Seither hat sich der Katastrophenschutz Indonesiens enorm verbessert, schon im Herbst waren die Dörfer für längere Zeit evakuiert worden, auch Bauer Rai mit der Familie musste einen Monat lang im Camp übernachten, wie er es jetzt wieder tut. Aber es ist schwer auszuhalten, wenn man jede Minute um seinen Besitz bangt, "um alles, was wir haben".

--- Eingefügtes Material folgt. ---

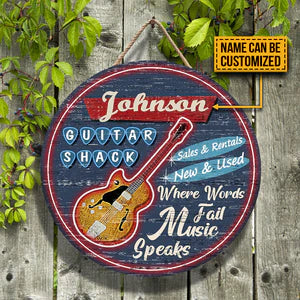 Guitar Shack Where Words Fail Custom Round Wood Sign | Home Decoration | Waterproof | WN1108-Gerbera Prints.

Rai ist ein bedächtiger und freundlicher Mann. Aber er ist angespannt. Er schält jetzt Mangos und erzählt: "Die Nachbarn weiter oben haben seltsame Dinge beobachtet." Vor gut einer Woche, kurz bevor der Berg riesige Aschewolken in den Himmel spie und rote Glut am Krater leuchtete, sahen die Bauern auf einmal die Tiere des Waldes fliehen. "Rehe, Affen, sogar Schlangen, alle kamen den Abhang hinunter," sagt der Bauer. Da wusste er: Hier kann er nicht mehr übernachten.

Rai bangt um seine Ernte. In drei Monaten hofft er, seinen Mais zu ernten, er betet jeden Tag dafür, dass der Berg doch wieder einschlafen möge. Aber wer weiß das schon bei diesen Gewalten der Natur. Experten sagen, dass die Lage immer noch brandgefährlich ist für die 100 000 Balinesen, deren Häuser innerhalb der Evakuierungszone mit einem Radius von zehn Kilometern liegen. Noch immer aber gibt es Leute, die Anweisungen der Behörden ignorieren, sie weigern sich zu gehen, sie schlafen am Fuße des Vulkans.

"Sie waren nicht dabei 1963", sagt die Oma. "Sie haben das alles nicht erlebt."

Der Bauer und seine Mutter wollen wieder los. Ihr Hund Cero kennt das schon. Er kriecht zu seinem Herrn und lässt sich die Ohren kraulen. Zeit für den Abschied. "Cero, pass gut auf", sagt der Bauer. Der Hund spitzt die Ohren, er läuft noch mit hinunter zur Straße. Dann macht er abrupt Halt und setzt sich auf die Hinterfüße, ohne jeden Laut. Cero kennt sein Revier, er bewacht es jetzt wieder ganz alleine.